Task material:
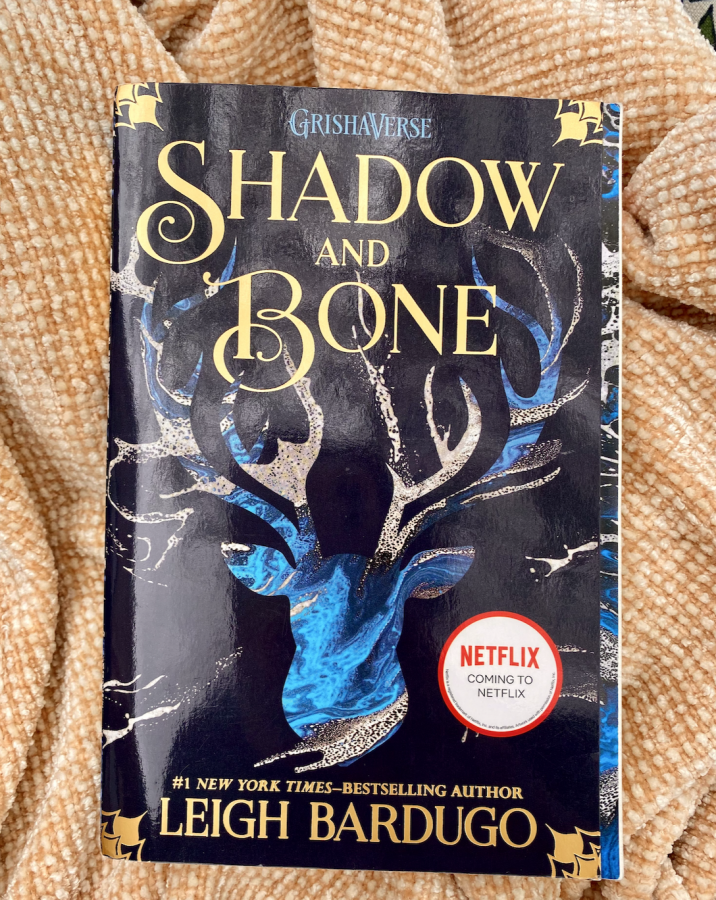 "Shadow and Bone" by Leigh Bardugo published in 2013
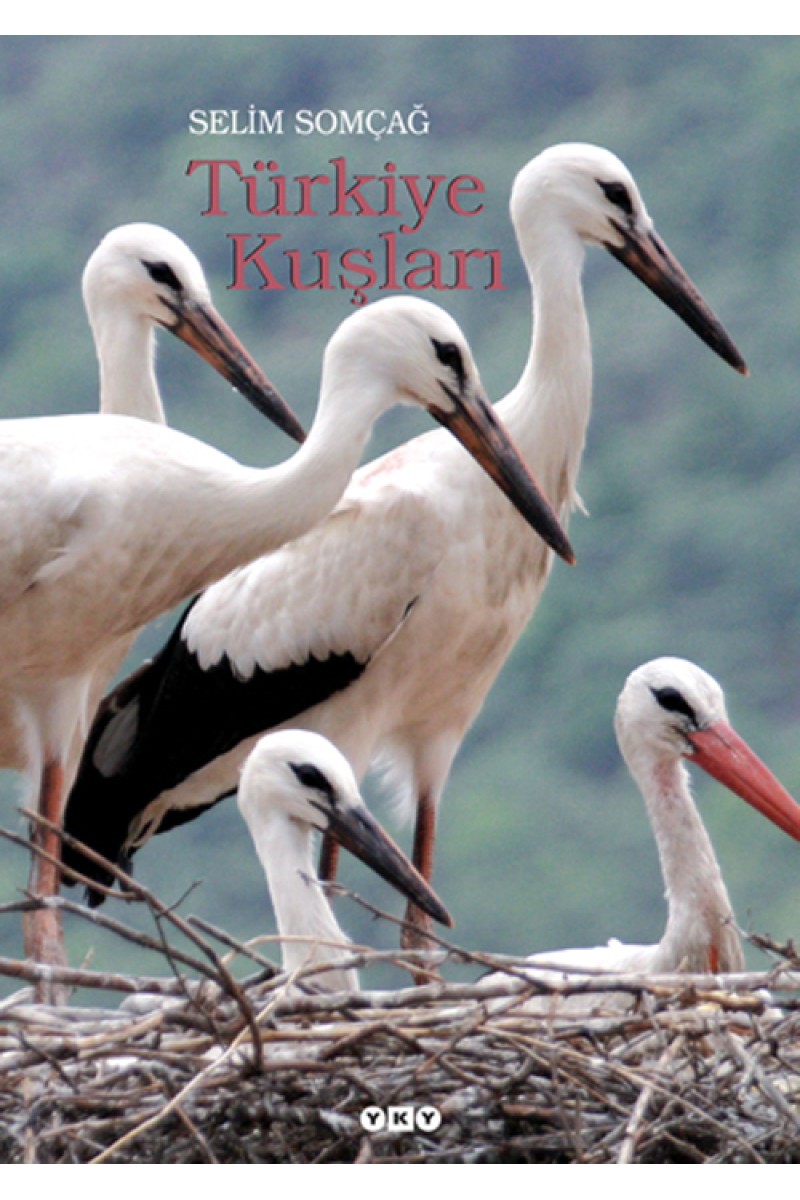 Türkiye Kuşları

* * *

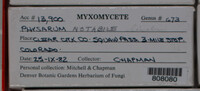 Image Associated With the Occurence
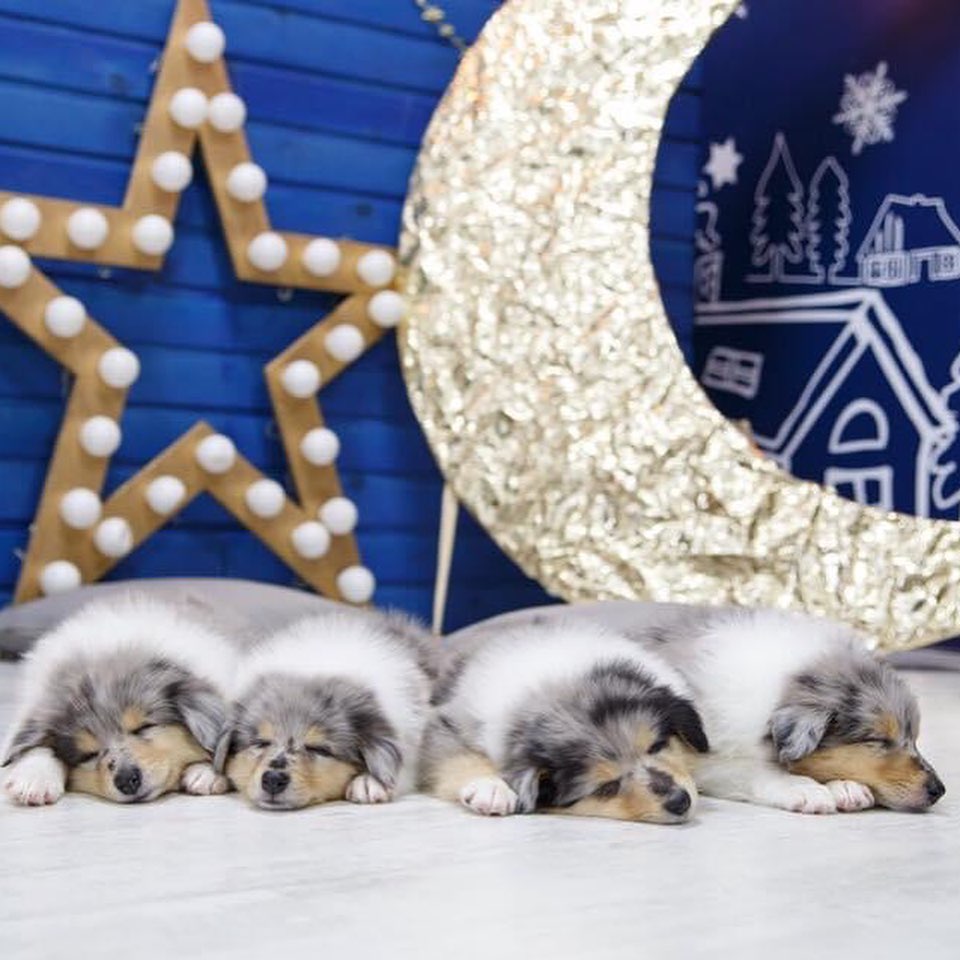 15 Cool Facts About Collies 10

Assigned task: Working from the entries above, reproduce exactly and only the lines beginning with the line that has "published in 2013" and ending with the line that has "Türkiye Kuşları"; omit all pictures.

Exercise output:
 "Shadow and Bone" by Leigh Bardugo published in 2013
 Türkiye Kuşları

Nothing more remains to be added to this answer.